## Task details
Provide again, from the entries below, every line from the one containing "1200mL車用タンブラー - クリスタルステッカー（プラスチックストロー付き）" through the one containing "Carte De Visite", exactly as written, and no other line.

## Information supplied
▬▬▬

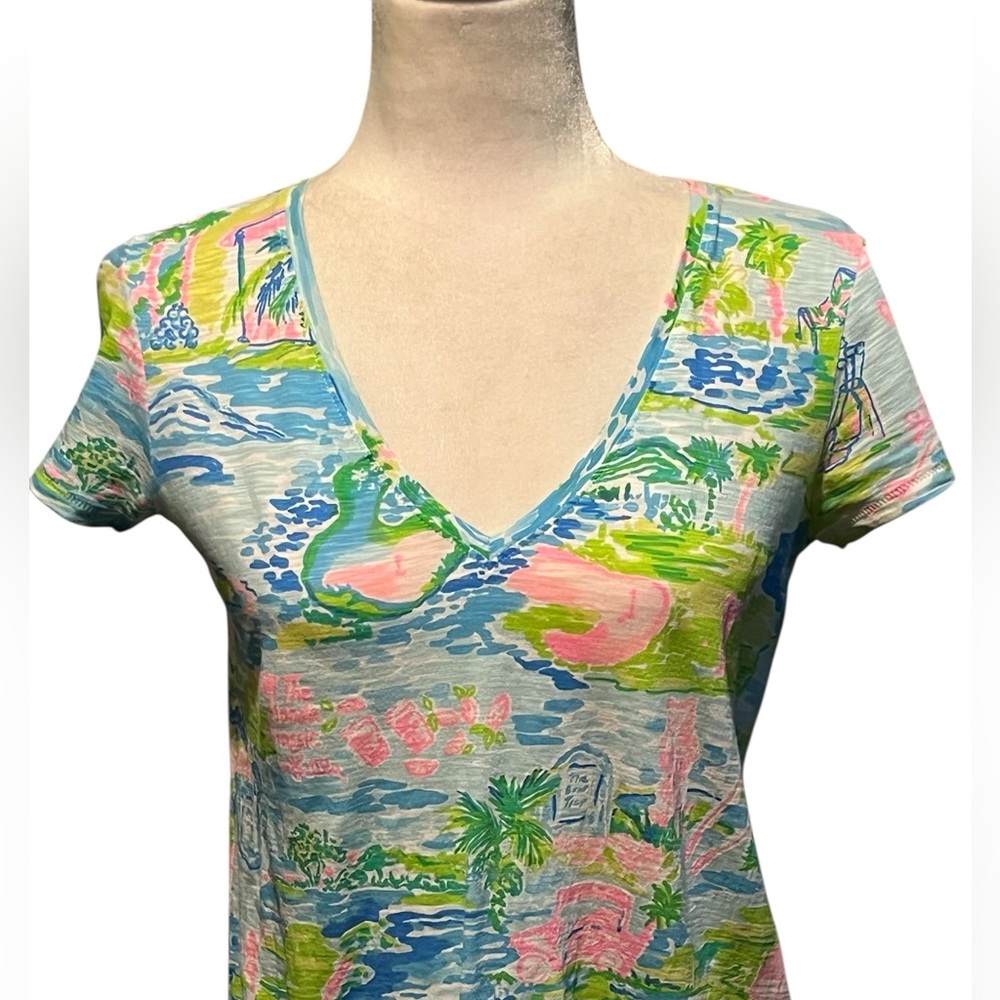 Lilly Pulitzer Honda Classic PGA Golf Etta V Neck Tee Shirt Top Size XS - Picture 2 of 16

▬▬▬

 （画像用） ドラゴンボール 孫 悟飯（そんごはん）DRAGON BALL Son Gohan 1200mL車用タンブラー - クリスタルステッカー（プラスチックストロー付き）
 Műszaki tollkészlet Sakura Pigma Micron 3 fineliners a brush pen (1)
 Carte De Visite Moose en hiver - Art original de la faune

▬▬▬

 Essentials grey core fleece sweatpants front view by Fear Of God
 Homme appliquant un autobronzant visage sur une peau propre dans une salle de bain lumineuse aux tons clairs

▬▬▬

## Response
 （画像用） ドラゴンボール 孫 悟飯（そんごはん）DRAGON BALL Son Gohan 1200mL車用タンブラー - クリスタルステッカー（プラスチックストロー付き）
 Műszaki tollkészlet Sakura Pigma Micron 3 fineliners a brush pen (1)
 Carte De Visite Moose en hiver - Art original de la faune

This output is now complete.